When you think of successful business models, you think of companies like McDonald’s where every french frying machine is located directly next to the drive-thru window or Amazon, where you can order online any product made on the face of the planet and have it delivered to you the next day (and even the same day in some cases).
And no matter what the successful model is, you know that the success didn’t come from winging it. It resulted from a process where a few core beliefs and some educated guesses were assembled in a thoughtful plan.
The same thing applied to our own ISA model.
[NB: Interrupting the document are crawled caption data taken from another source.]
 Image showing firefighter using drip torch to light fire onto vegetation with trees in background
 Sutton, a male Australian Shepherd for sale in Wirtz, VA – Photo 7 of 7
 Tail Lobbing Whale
When creating a successful business, there are some assumptions you need to make in order to ensure you’re headed in the right direction. Yes, you will make some WAGs (wild-ass guesses) along the way, but in order to get great results, you need to follow a solid model that is rooted in educated assumptions.
In 1994, world-famous management consultant, Peter Drucker, crafted his “theory of the business” and defined a model as “[a set of] assumptions about what a company gets paid for—assumptions about what a business will and won’t do.”
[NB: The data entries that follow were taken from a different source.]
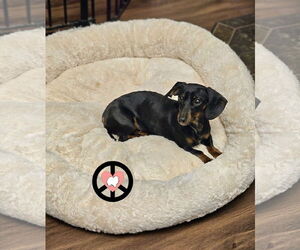 Dachshund Dogs for adoption in Lebanon, PA, USA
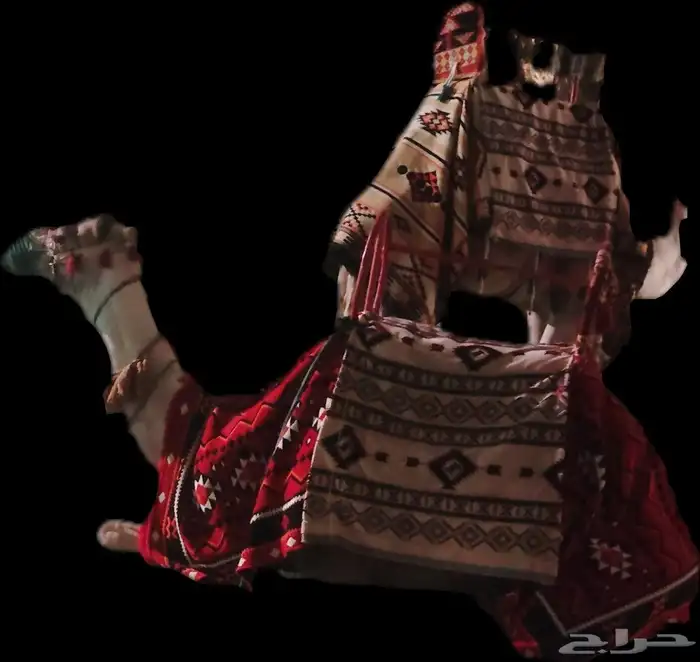 تأجير جمال وخيول اجارجمال رحول زلول ركبي اجار خيل عربي اجار 4
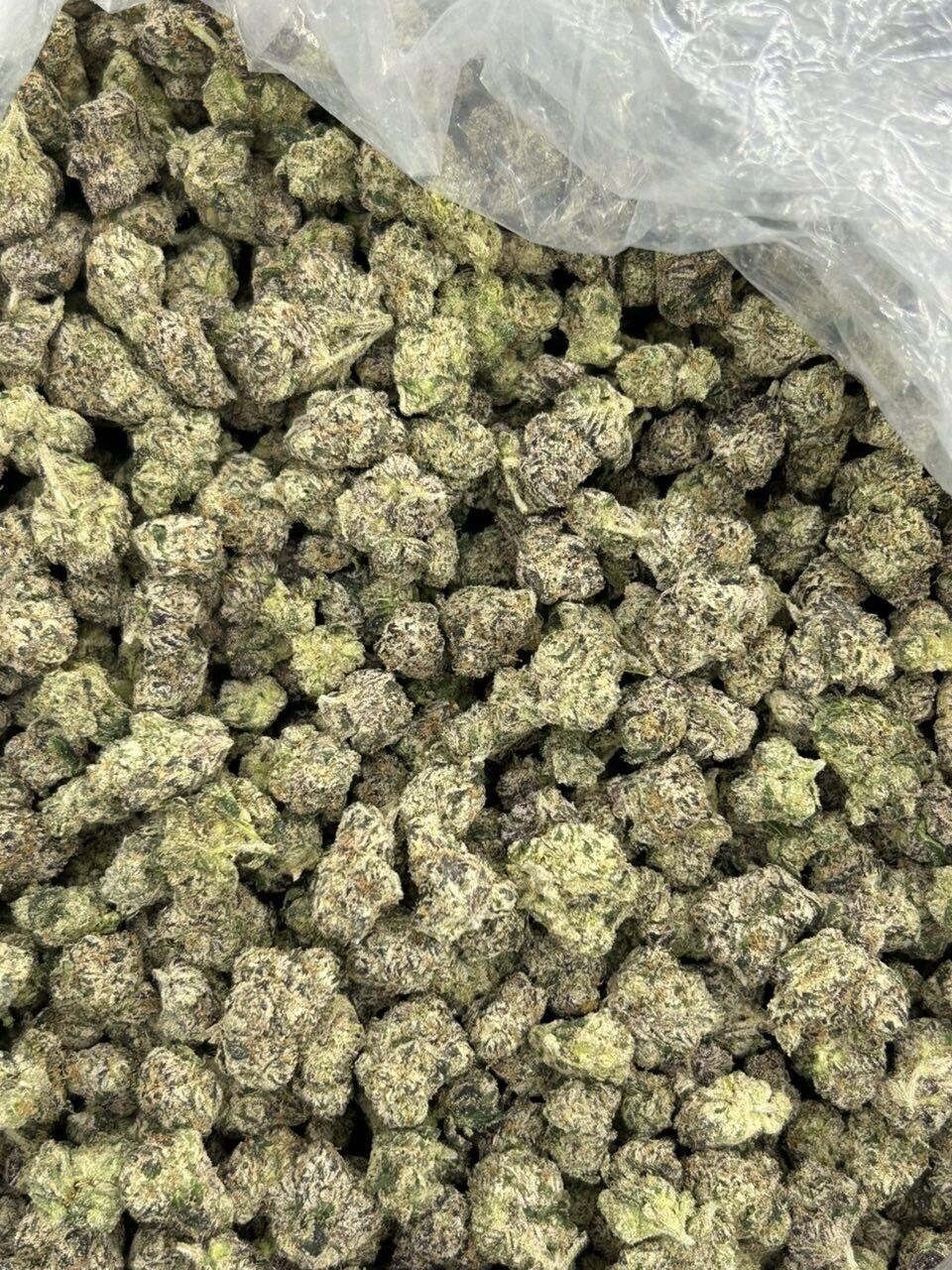 Exotic Schmediums THCA Flower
Interestingly enough, a model is not about the money, it’s about using assumptions to chart a course toward a specific goal. More precisely, it’s about charting and following the course and then taking the lessons you learn along the way to make changes and improvements. These changes and improvements lead to you getting better results, faster and with less money spent along the way. The ideal outcome of a properly followed model is a business that creates a predictable pipeline of sales and becomes a cash-producing machine.
Within the main business model are smaller models that use the same strategy—assumptions, well-defined activities, and metrics—to achieve specific outcomes. In our business, we created a model for the ISA department and process and we started with a list of assumptions that pertained to the activities and behaviors in which we expected the ISAs to engage.
Some of our assumptions about the ISA were:
- How many dials would be made
- How many nurtures would be created
- How many appointments would be set
- How many conversions would there be from dial to nurture, dial to appointment, and nurture to appointment (What would that cycle look like?)
- How many of those appointments would result in how many deals
Once we made these assumptions, we then implemented a solid system of data delivery and reporting mechanisms through a centralized hub (all of which will be detailed later in this book) to verify the operating metrics.
This tracking process lets us know if we’re on pace to accomplish what we thought we would through our initial set of assumptions. When we were on pace, our assumptions were on point and we continued with the same behaviors and activities to create a repeatable system that we could rely upon to produce consistent results day in and day out.
If our assumptions were wrong, we found out where the choke point was and then made adjustments to the activities, behaviors, data sets, personnel—even the assumptions—in order to get the results that gave us the predictability we wanted and needed.
By following the model, we were able to solve bottlenecks and get better results much faster than if we were simply taking stabs in the dark. Lastly, we saved a tremendous amount of time and money by not continuing to make mistakes that we would be able to avoid simply by following the process.
The model is the key element in making the entire ISA process work way faster than you would ever think possible. Without the model, you may get the results you’re looking for, but it will cost you a tremendous amount of time and money and give you way more headaches than you’d want to experience.